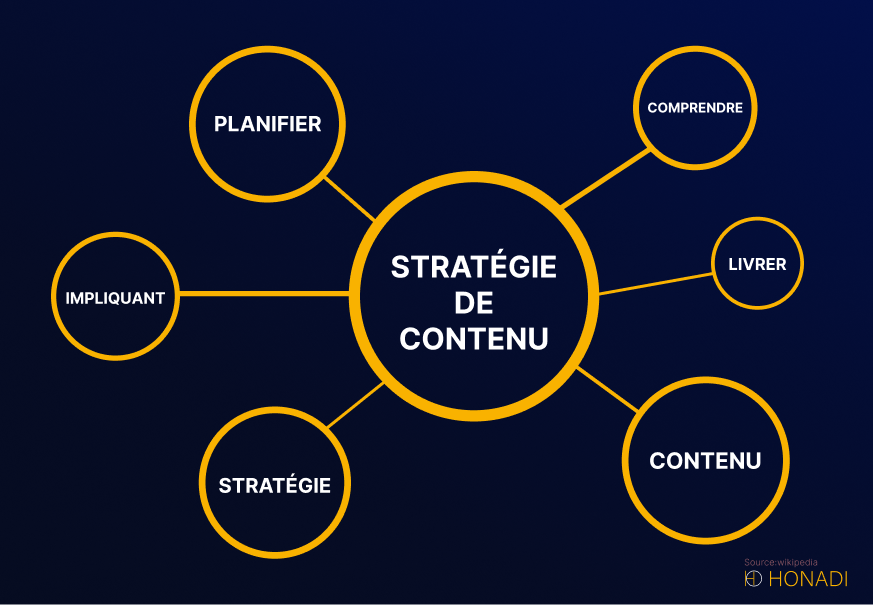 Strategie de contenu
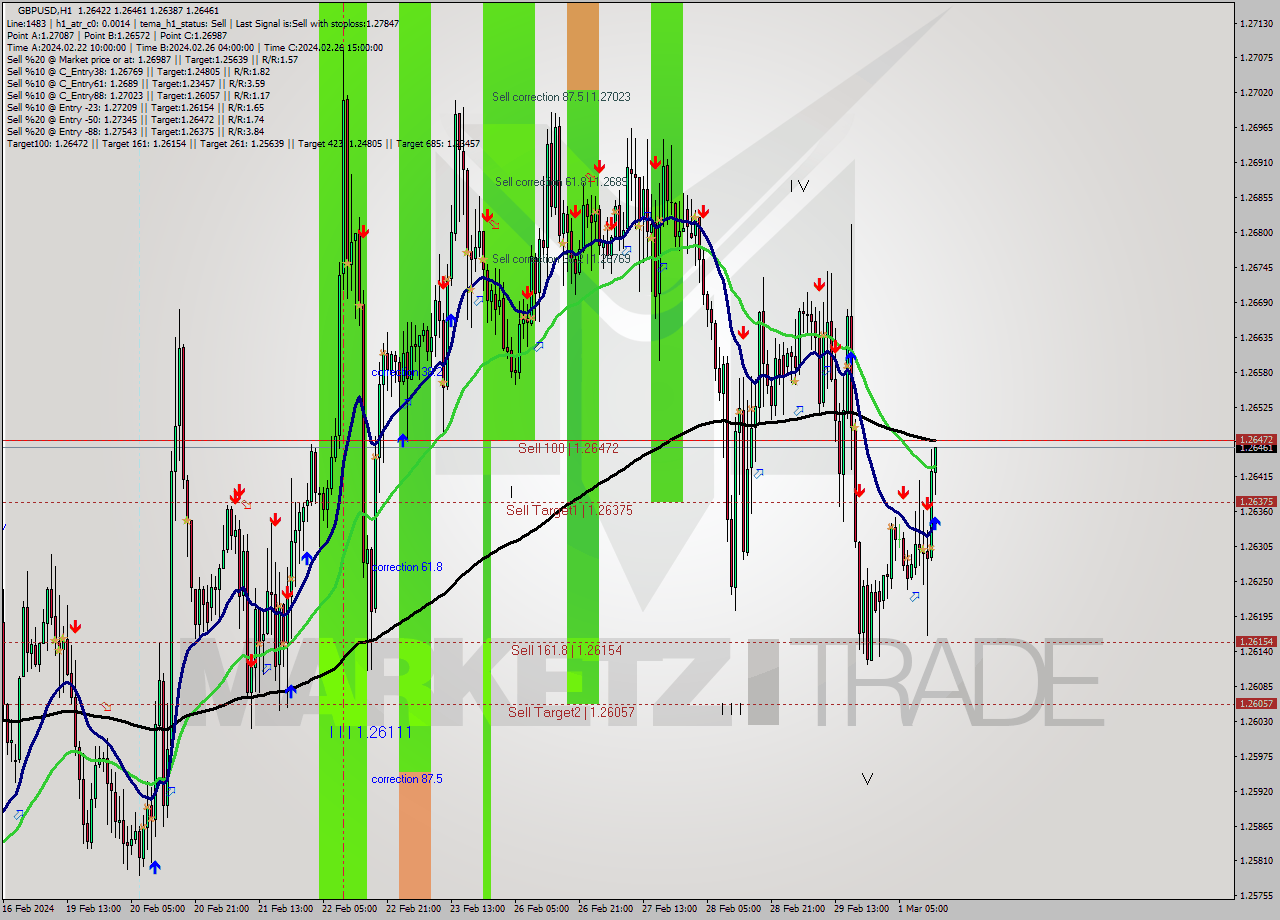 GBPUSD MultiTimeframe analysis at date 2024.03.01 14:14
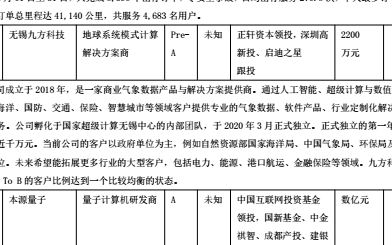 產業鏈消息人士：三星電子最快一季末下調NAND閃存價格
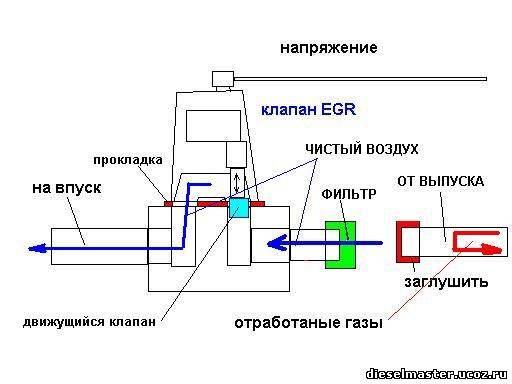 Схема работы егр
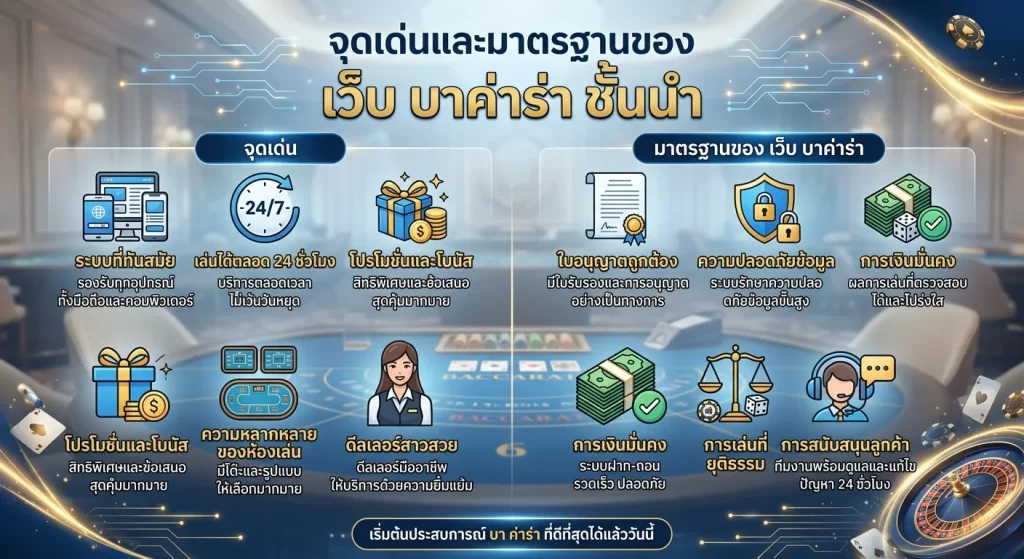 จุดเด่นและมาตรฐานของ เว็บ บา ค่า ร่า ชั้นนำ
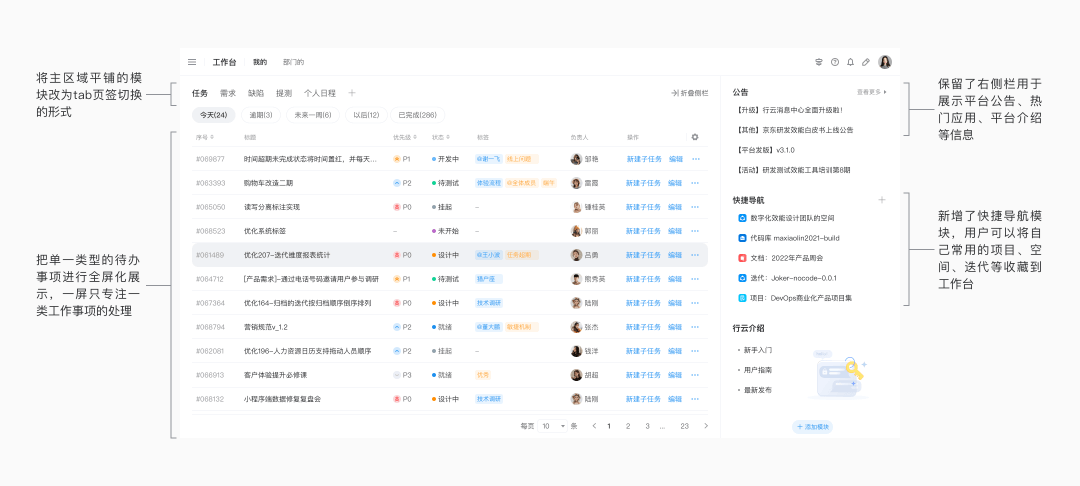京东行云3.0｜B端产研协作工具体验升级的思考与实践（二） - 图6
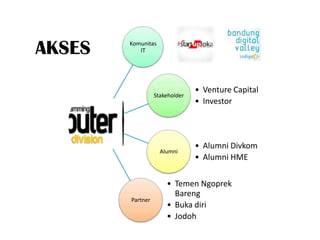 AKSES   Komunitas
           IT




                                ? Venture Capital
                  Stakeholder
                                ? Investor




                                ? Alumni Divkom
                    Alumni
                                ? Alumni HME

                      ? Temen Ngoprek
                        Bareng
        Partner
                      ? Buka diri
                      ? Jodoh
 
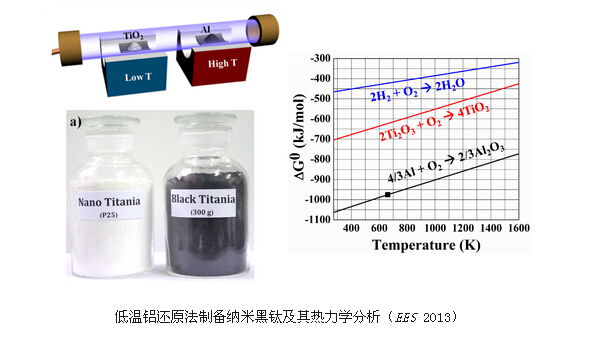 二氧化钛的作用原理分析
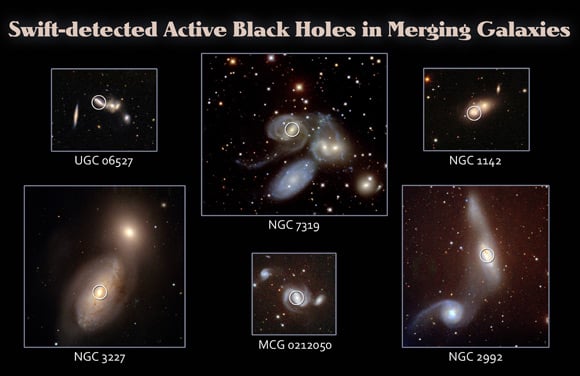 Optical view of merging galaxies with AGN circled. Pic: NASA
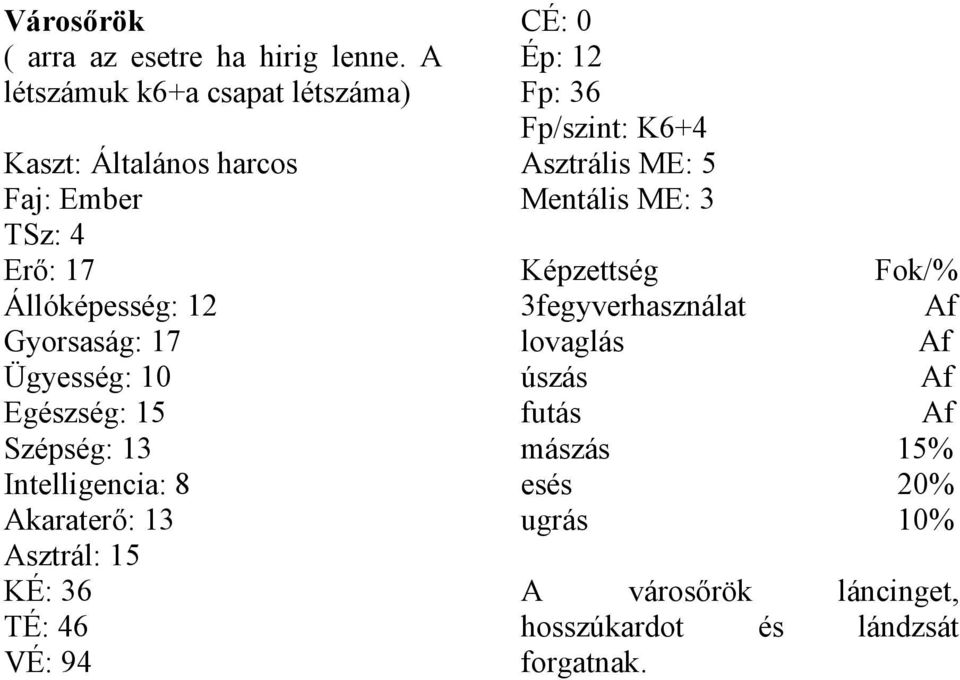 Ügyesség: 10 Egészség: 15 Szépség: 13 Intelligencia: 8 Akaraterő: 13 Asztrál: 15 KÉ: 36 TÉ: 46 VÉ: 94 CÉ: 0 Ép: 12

...

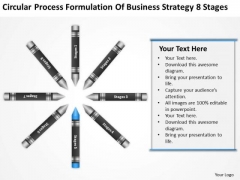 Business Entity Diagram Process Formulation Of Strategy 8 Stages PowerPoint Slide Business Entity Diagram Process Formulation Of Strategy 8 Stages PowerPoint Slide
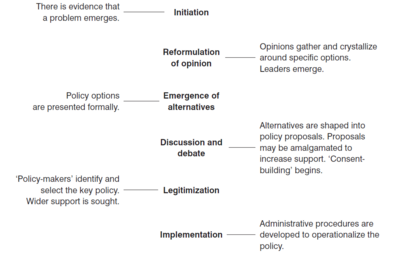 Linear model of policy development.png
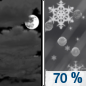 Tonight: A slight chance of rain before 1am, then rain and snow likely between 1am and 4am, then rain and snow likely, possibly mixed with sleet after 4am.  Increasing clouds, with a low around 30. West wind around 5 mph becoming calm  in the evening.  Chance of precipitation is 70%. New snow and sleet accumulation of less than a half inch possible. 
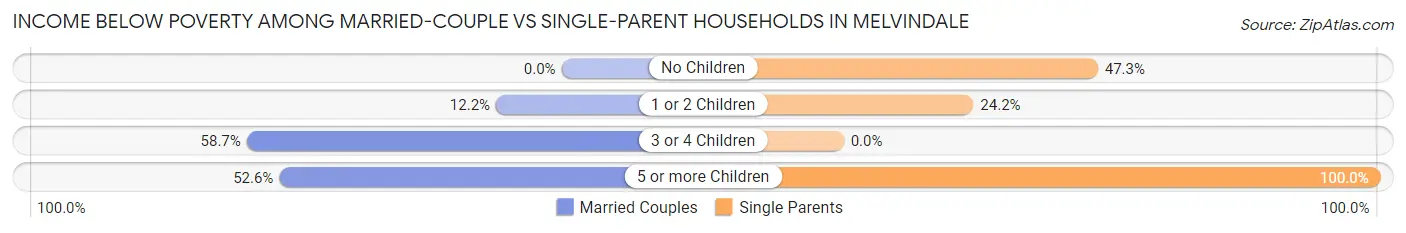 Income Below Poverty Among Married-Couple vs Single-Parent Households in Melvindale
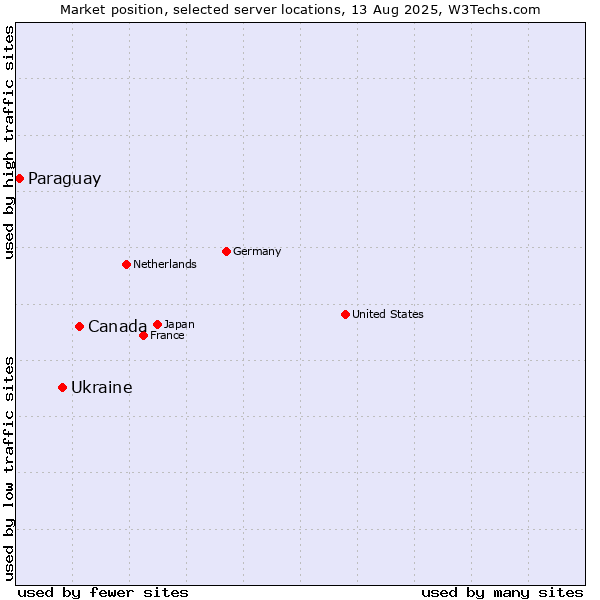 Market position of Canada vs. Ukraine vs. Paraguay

* * *

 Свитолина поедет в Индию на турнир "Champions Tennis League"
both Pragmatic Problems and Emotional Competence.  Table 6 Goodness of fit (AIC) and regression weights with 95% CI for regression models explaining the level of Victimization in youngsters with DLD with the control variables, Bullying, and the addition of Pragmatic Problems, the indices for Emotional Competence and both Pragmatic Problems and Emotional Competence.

→ PROBLEM
Nothing but the lines from the one containing "Tonight: A slight" through the one containing "Market position of" should appear, copied exactly from the material above and without pictures.

→ ANSWER TO THIS TASK
 Tonight: A slight chance of rain before 1am, then rain and snow likely between 1am and 4am, then rain and snow likely, possibly mixed with sleet after 4am.  Increasing clouds, with a low around 30. West wind around 5 mph becoming calm  in the evening.  Chance of precipitation is 70%. New snow and sleet accumulation of less than a half inch possible. 
 Income Below Poverty Among Married-Couple vs Single-Parent Households in Melvindale
 Market position of Canada vs. Ukraine vs. Paraguay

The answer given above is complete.